* INSTRUCTIONS TO FOLLOW *
Write the data out in full and word for word. Do not include images.

* SOURCE MATERIAL *
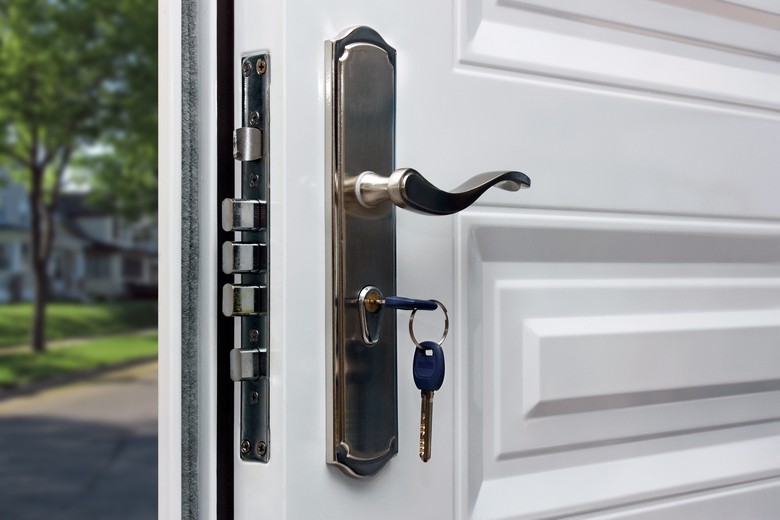 Indianapolis Residential Locksmith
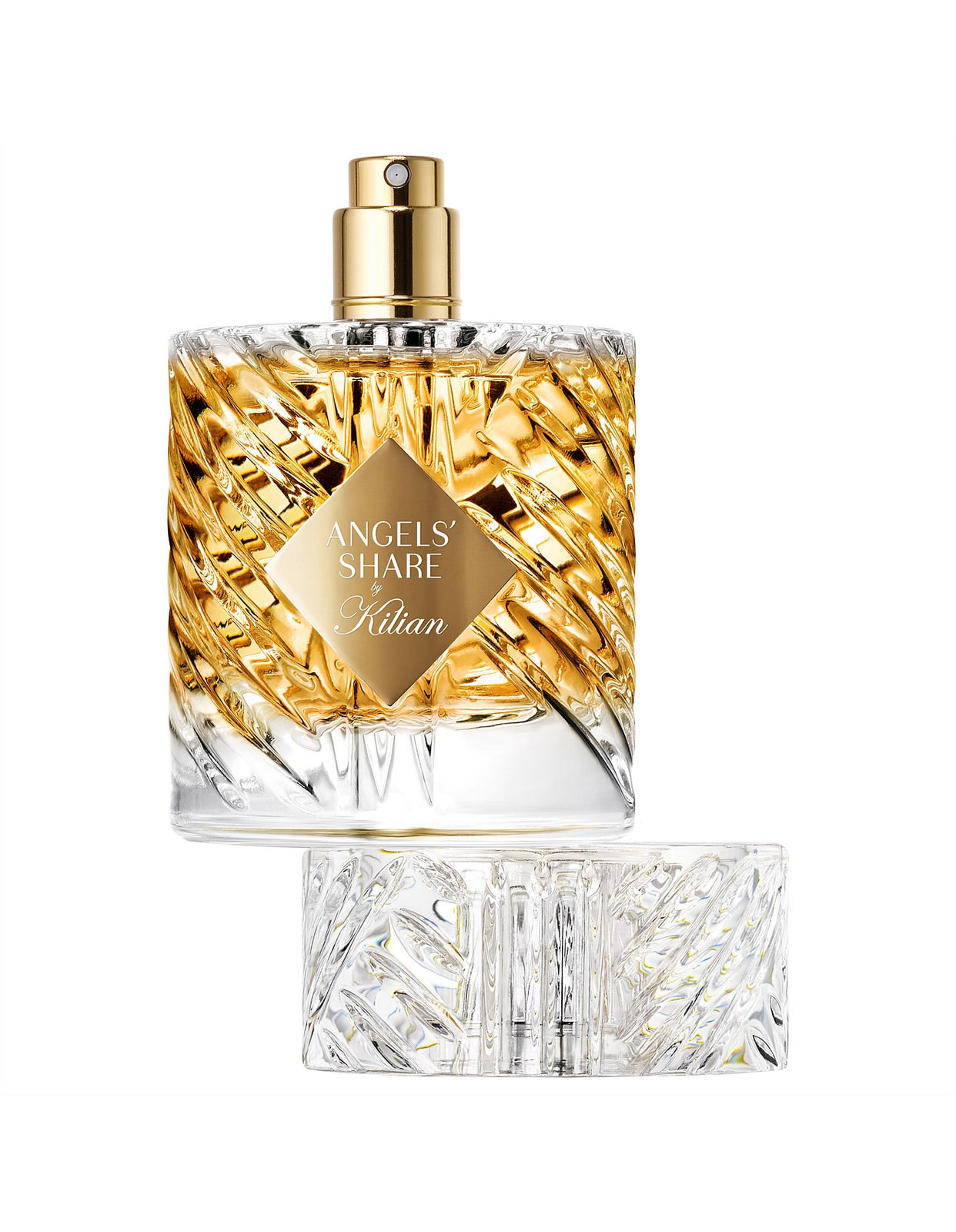 Killian Paris Angels Share 50ml-2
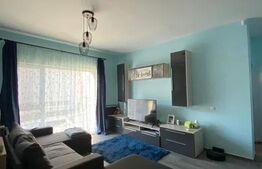 Apartament 2 camere + terasa mare, 47MP, zona Golden Tulip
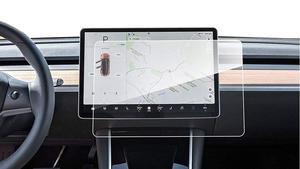 Tesla Accessories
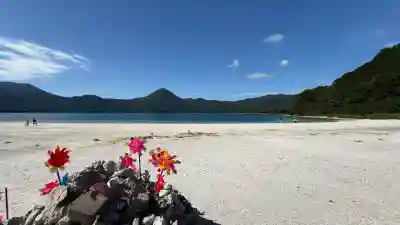 恐山菩提寺(青森県)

* OUTPUT OF THE TASK *
 Indianapolis Residential Locksmith
 Killian Paris Angels Share 50ml-2
 Apartament 2 camere + terasa mare, 47MP, zona Golden Tulip
 Tesla Accessories
 恐山菩提寺(青森県)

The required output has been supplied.